(Records from a collection)
BEGIN

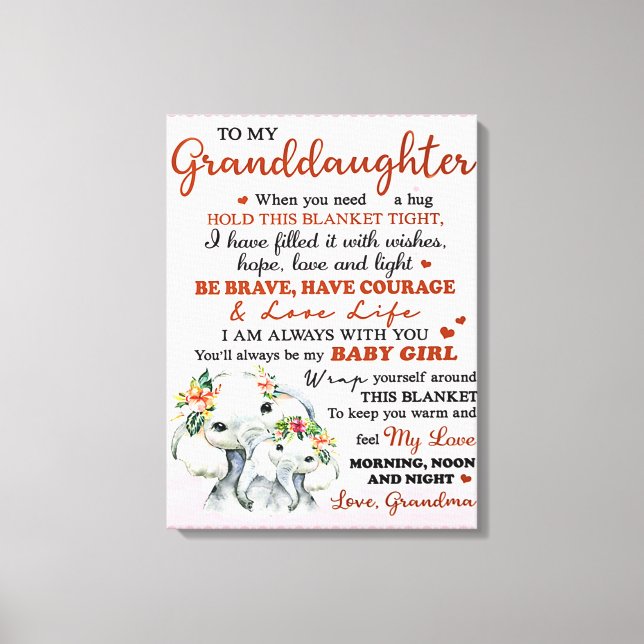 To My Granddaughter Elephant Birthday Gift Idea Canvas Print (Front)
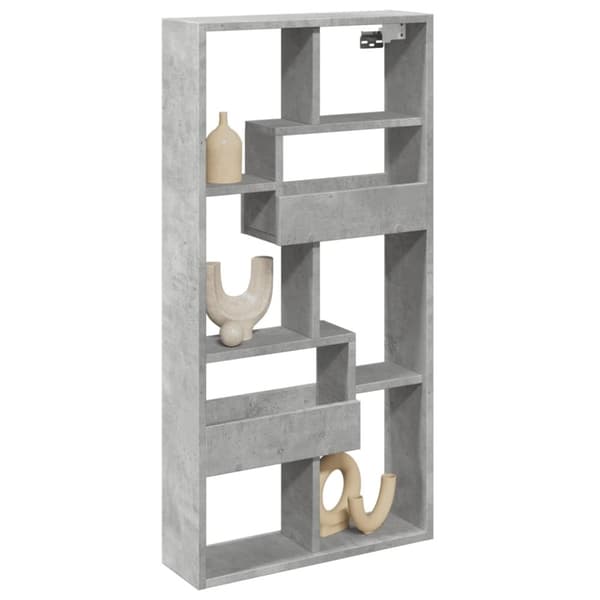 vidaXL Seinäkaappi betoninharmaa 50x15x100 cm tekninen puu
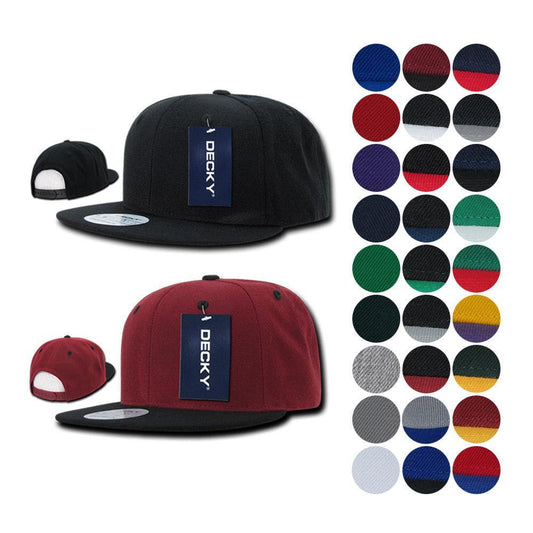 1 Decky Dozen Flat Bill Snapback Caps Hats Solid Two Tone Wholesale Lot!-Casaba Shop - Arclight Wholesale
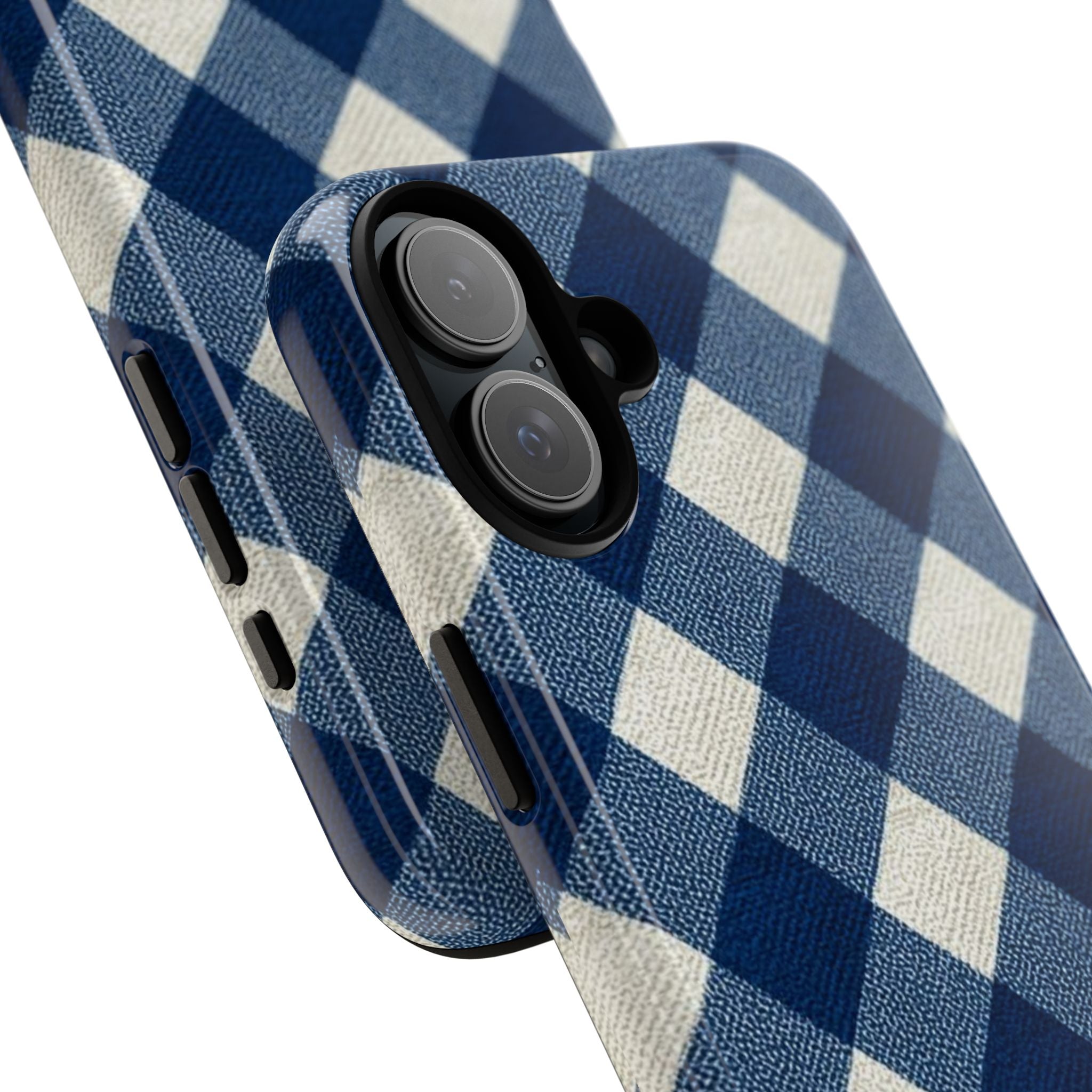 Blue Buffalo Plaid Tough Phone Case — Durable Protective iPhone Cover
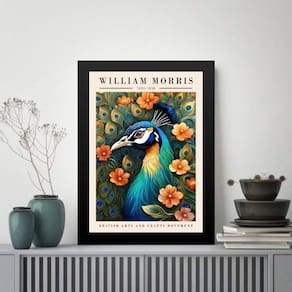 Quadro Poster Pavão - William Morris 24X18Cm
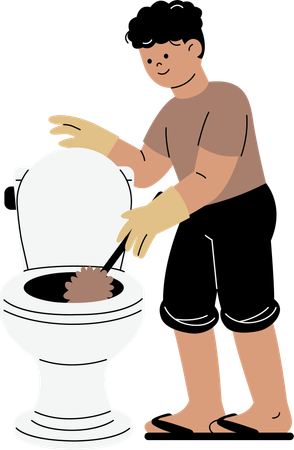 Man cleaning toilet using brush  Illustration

END

**REQUIREMENT**
Would you return all of the data above word for word, omitting every picture?

**ANSWER TO THIS TASK**
 To My Granddaughter Elephant Birthday Gift Idea Canvas Print (Front)
 vidaXL Seinäkaappi betoninharmaa 50x15x100 cm tekninen puu
 1 Decky Dozen Flat Bill Snapback Caps Hats Solid Two Tone Wholesale Lot!-Casaba Shop - Arclight Wholesale
 Blue Buffalo Plaid Tough Phone Case — Durable Protective iPhone Cover
 Quadro Poster Pavão - William Morris 24X18Cm
 Man cleaning toilet using brush  Illustration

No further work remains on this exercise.